On s'insurge contre le fait qu'une société militaire privée s'implante en Suisse, soit. Mais qu'en est-il des banques qui gèrent à qui mieux-mieux les avoir de dictateurs impliqués dans divers conflits, meurtres de masse, actes de terrorisme et autres actes répréhensibles? L'énumération de quelques noms permet d'imager le propos: Mobutu, Marcos, Abacha. Qu'en est-il des divers trafiquants en tous genres, perturbant largement la stabilité de pays, dont les avoirs sont bien souvent dans des banques suisses? Depuis de nombreuses décennies, la Suisse est considérée comme un des centres du blanchiment des capitaux provenant des quatre coins de la terre, selon les dires d'experts. Même si la Suisse possède dorénavant des outils de lutte permettant la dénonciation d'avoirs illicites, il reste à penser que ces actes dénoncés ne représentent que la pointe de l'iceberg.

Que penser de la Suisse participant aux activités du régime sud-africain en plein Apartheid? Que penser des entreprises pharmaceutiques qui refusent de baisser les prix de certains médicaments qui permettraient de sauver des pans de population entiers dans certains pays? Là aussi, les intérêts financiers semblent passer avant le respect d'une certaine neutralité.

Neutralité, neutralité... Voilà bien un terme que la plupart des Suisses semblent brandir uniquement lorsque ça les arrange bien. On pourrait appeller cela la neutralité à la sauce du jour.

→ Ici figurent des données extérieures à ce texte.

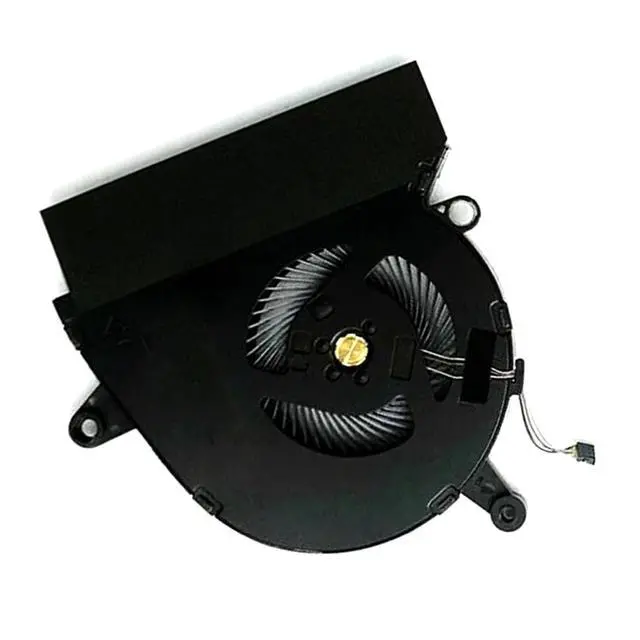 Alt view image 4 of 5 - CPU GPU Cooling Fans Suitable for HP Spectre X360 15-DF 15T-DF TPN-Q213 Series Laptop Cooler Fan 5V 0.5A 4 PIN ND75C23-18C11 L41482-001 ND75C23-18C12 L41483-001 (CPU)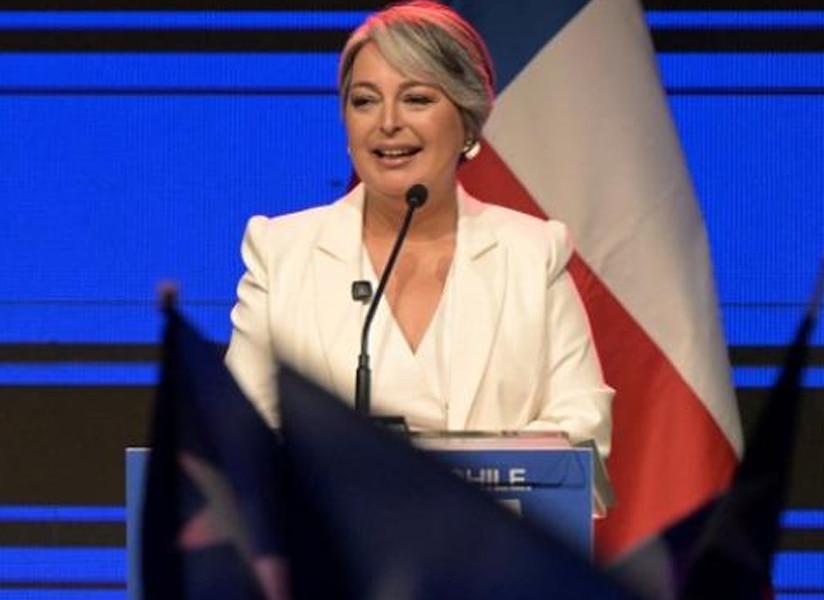 Jara candidata de izquierda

Il serait souhaitable de plancher une fois pour toute sur ce terme et de le repositionner correctement. Car il ne faut pas se leurrer, la Suisse n'est neutre que sur le papier et dans la tête de certains politiciens frileux, lorsqu'il s'agit de contribuer à un effort international, par exemple dans le cadre du maintien de la paix.

La neutralité avait son rôle à jouer dans l'affrontement est-ouest... Est-ce toujours le cas dans un environnemnt globalisé?